You may need to put yourself out there and ask people if they would consider buying your product or service. And they will say no – many many times. But do not let this discourage you – even the most successful brands we know today went on this same journey when they started. Did you know that Starbucks founder Howard Schultz made pitches to 242 potential investors, 217 of whom said no? (1). Or that Walt Disney was rejected by banks 300 times because they thought the idea of Mickey Mouse was absurd? (2)
It will not be an easy road – difficulties will come. This is why it is imperative that you set your mindset for the longer term – the final goal. Because as time goes on, you will often find more excuses to quit than to persevere.
#6 – Avoid being a perfectionist
In the early stages of any startup, speed is more important than details and “execution” is king.
There needs to be a minimum acceptable level required to move forward, and you should push towards this target as quickly as you can. The most under-rated advantage of a startup is its speed and flexibility.

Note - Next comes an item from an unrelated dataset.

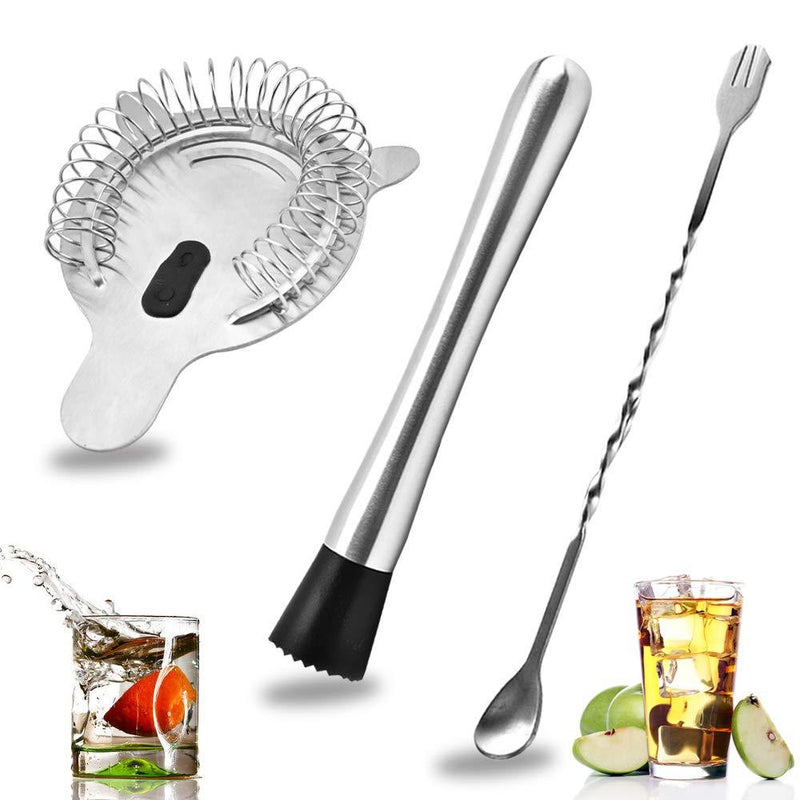  [AUSTRALIA] - SENHAI Stainless Steel Cocktail Muddler, Spiral Mixing Spoon & 4-Prong Bar Strainer, Home Bar Bartender's Muddling Tool Set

But if you can’t get there faster than a larger company who already has the funding you may have already lost.
I can remember teaming together with a group of friends to start a project that on the face of it had a reasonably good chance of succeeding. The timing was right, there was a real market need for that product and innovation in that space seem to be lagging. Furthermore, I’d known these two individuals personally over many years, and so there was already trust and communication.
But due to experience levels, it was evident that we saw things from different perspectives and perfectionism crept in. There was a lot of execution errors that could have been improved with hindsight. For instance, we spent over six months on debating and re-designing the look of the logo among other non-critical things. While all the time, distribution and marketing were neglected because the logo was not right – and did not create that expected market appeal.

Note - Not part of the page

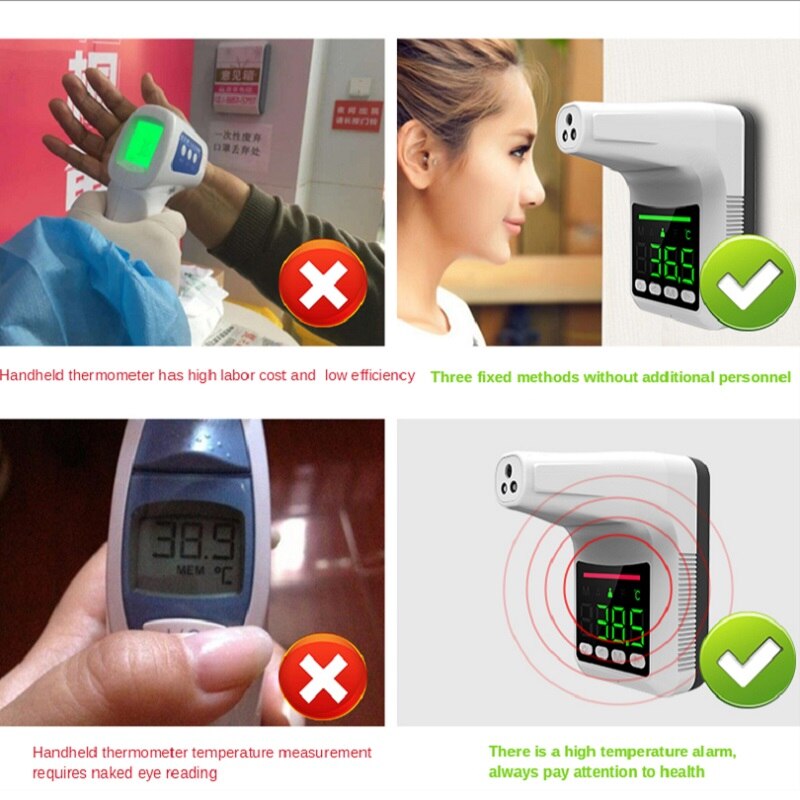 K3Pro Updated Forehead Digital Infrared Thermometer Non-Contact Wall-Mounted Fixed Electronic Voice Thermometer for Store Office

It is no surprise that we ended up getting that perfect logo. But the product never got its feet off the ground despite an MVP (Minimum Viable Product) already developed and out to market. Our mistake was we allowed perfection in one non-critical area of our venture – be a detriment to the success of our venture overall.
It is essential to realise that you are not able to build a perfect product from the initial launch – do not delay launching for the sake of perfection. Not even Facebook got it right the first time. It was only through trial, error and iteration they were able to build a product that has over 1 billion people on it today.

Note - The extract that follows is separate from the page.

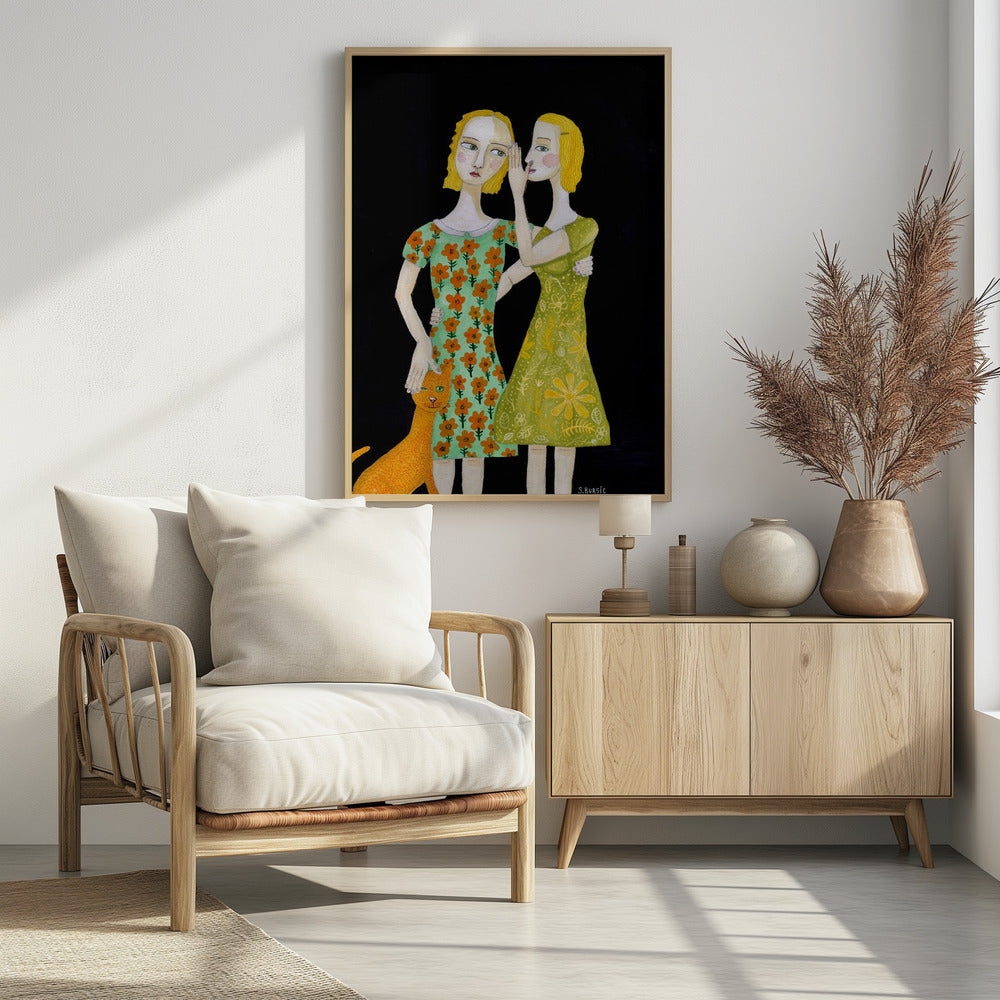 Beste Freunde mit ihrer roten Katze | Poster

#7 – Execution is always key!
An idea without execution is nothing. There is no better day to start executing your vision than today. If Facebook, Twitter or Instagram delayed their products – you may have never heard of them. They were successful because they executed and started their products early when the marketing timing was right.
Now, you may be thinking that market timing is a bit of a two-edged sword – and that is somewhat true. You can only really tell with hindsight. But the secret of entrepreneurship is you will not know if you do not start.
I’ve often had people talk to me about building their personal product or website. However, years later, they would still be at the same point they started – at the beginning talking about how they want to start.
You need to take active steps each day to ensure your vision comes to fruition. Start that website or build that Minimum Viable Product (MVP) and get this to the market as soon as possible and keep iterating. It does not need to be perfect or entirely functional, but it just needs to be out there in the real world instead of just existing in your mind.
The important thing is to start and keep progressing. Then when you look back in a few months you’ll see how far you’ve come!
In this article, I’ve shared my experiences on the seven key lessons I’ve learnt from my own journey into creating a 7 figure startup. I’ve shared some successes but also many more mistakes I’ve made along the way. I am always open to conversation, so feel free to reach out to me to chat about anything and everything.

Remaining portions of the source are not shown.